We must make the most of the one life we have

We give our lives meaning and purpose

Not believing in an afterlife, humanists focus on making meaning and purpose for themselves, on living a good life here and now.

  • “Doesn’t that mean you can do whatever you want?” Living a good life is not the same as unrestrained hedonism, or living a life of unadulterated pleasure or self-interest. Rather, it may mean living in community, helping others, flourishing at what we are good at, contributing to our global society, and exploring and marveling at the world we find ourselves in.

Morality arises from human nature and culture

Human beings were not suddenly blessed with love and reason at some point in the past by an external power! Rather, our nature as deliberating, social beings, able to empathise with others and reason about social dynamics, fairness and justice, all evolved over time.

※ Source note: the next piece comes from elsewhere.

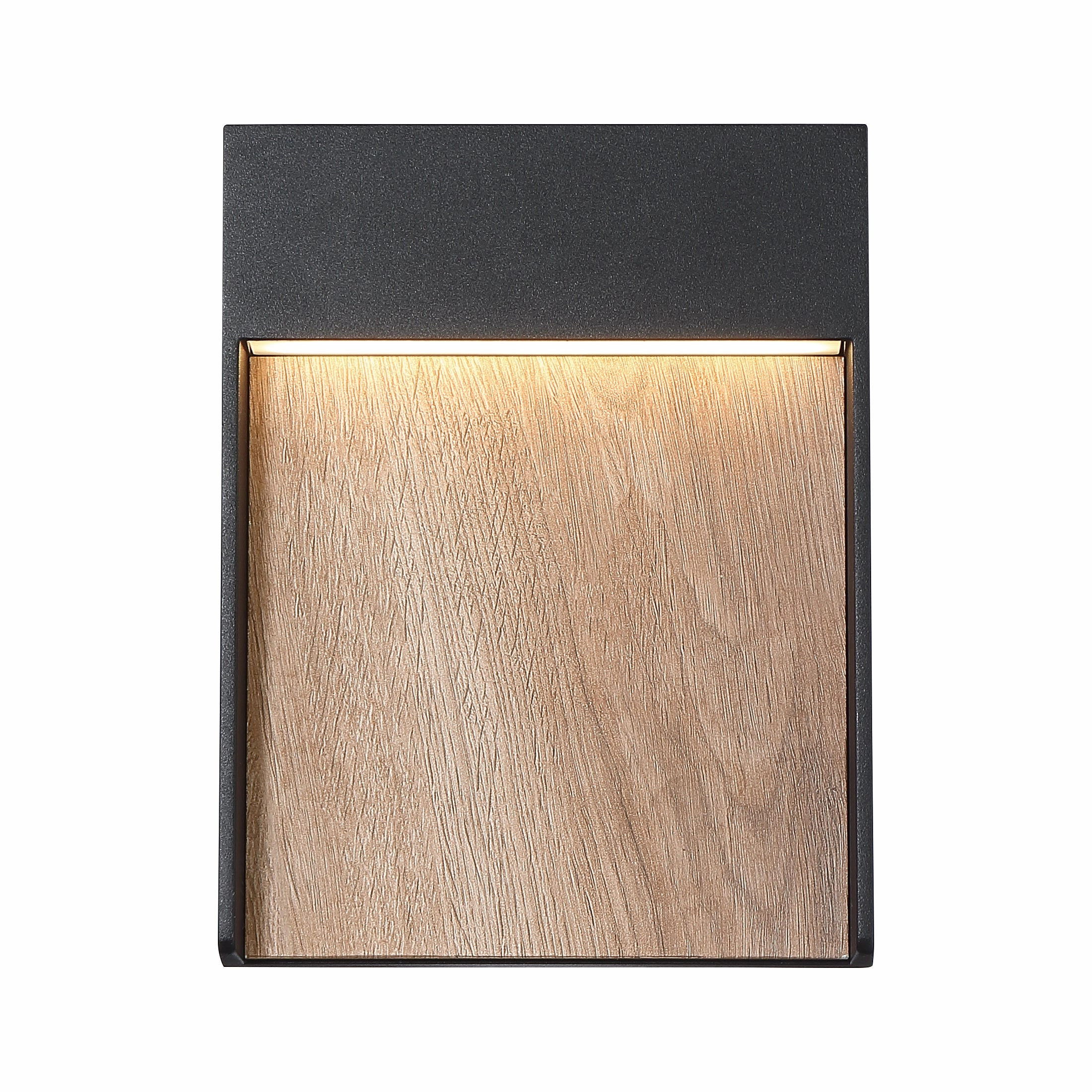 Tempest Outdoor Wall Light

  • “Doesn’t that mean you’re moral relativists?” Emphatically, no. This is not at all the same as the relativist position: that all human behaviors are equally moral (or equally amoral). Compare to the situation with language. Like morality, human language — a combination of written, verbal, signed and gestural communication — is a complex phenomenon that evolved over time. It maps our needs and capabilities, but was not fundamentally designed or enforced from the outside. It varies significantly from place to place but is near-universal in some of its broadest features. Nevertheless, there are still better or worse expressions of language: expressions that are well-formed or badly formed, expressions that communicate as intended or which miscommunicate, some that are true, some that are false. Morality, too, is a complex, evolved set of thoughts and behaviours, but particular actions can be just or unjust, fair or unfair, beneficial or detrimental, ethical or unethical, moral or immoral.

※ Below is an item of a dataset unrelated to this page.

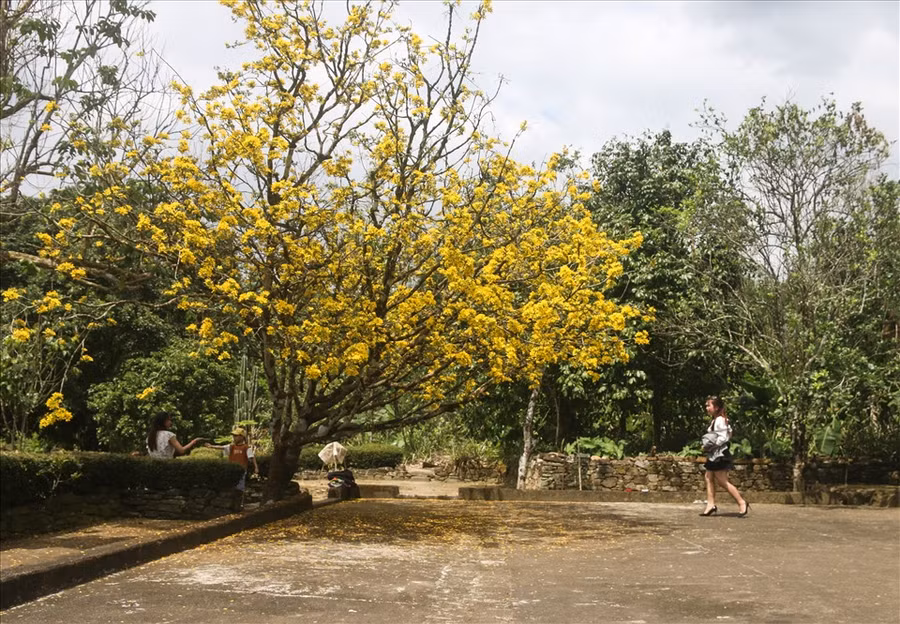 Cây mai mọc nghiêng, thân cây phân thành hai nhánh, cao gần 8m, tán rộng gần 10m.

What is morally right promotes welfare and fulfillment

The moral sphere exists because of human nature, including the needs and desires we share, and the needs and desires of individuals; because we interact with each other, and can deliberate over what we do; and because our actions effect both ourselves and others normatively. That is, we can hinder or help, make people sad or happy, impoverish the lives of others or enrich them, live life with dreary fatalism, or with human flourishing. The answers to moral questions are here in the world, in ourselves, others, and our relationships, not in the mystical beyond.

  • “But I heard that without God nothing would have any moral worth?” We need make no reference to some absolute law-giver or a designer outside space and time to understand the basis of morality: that some of our actions detract from, and others promote, the welfare of living things, or the advancement of society, or the fulfillment of ourselves and others.
  • “Is this some sort of human supremacism?” No. Humanism puts the human moral agent at the centre, because we are the only (or at least, by far the most sophisticated) moral decision-makers that we know of. Humanism does not deny that there are other moral subjects, such as non-human animals. For humanists, moral considerations include moral subjects such as human beings, other animals, our environment, as well as ethical principles, the health of society, and the future we are creating through our actions.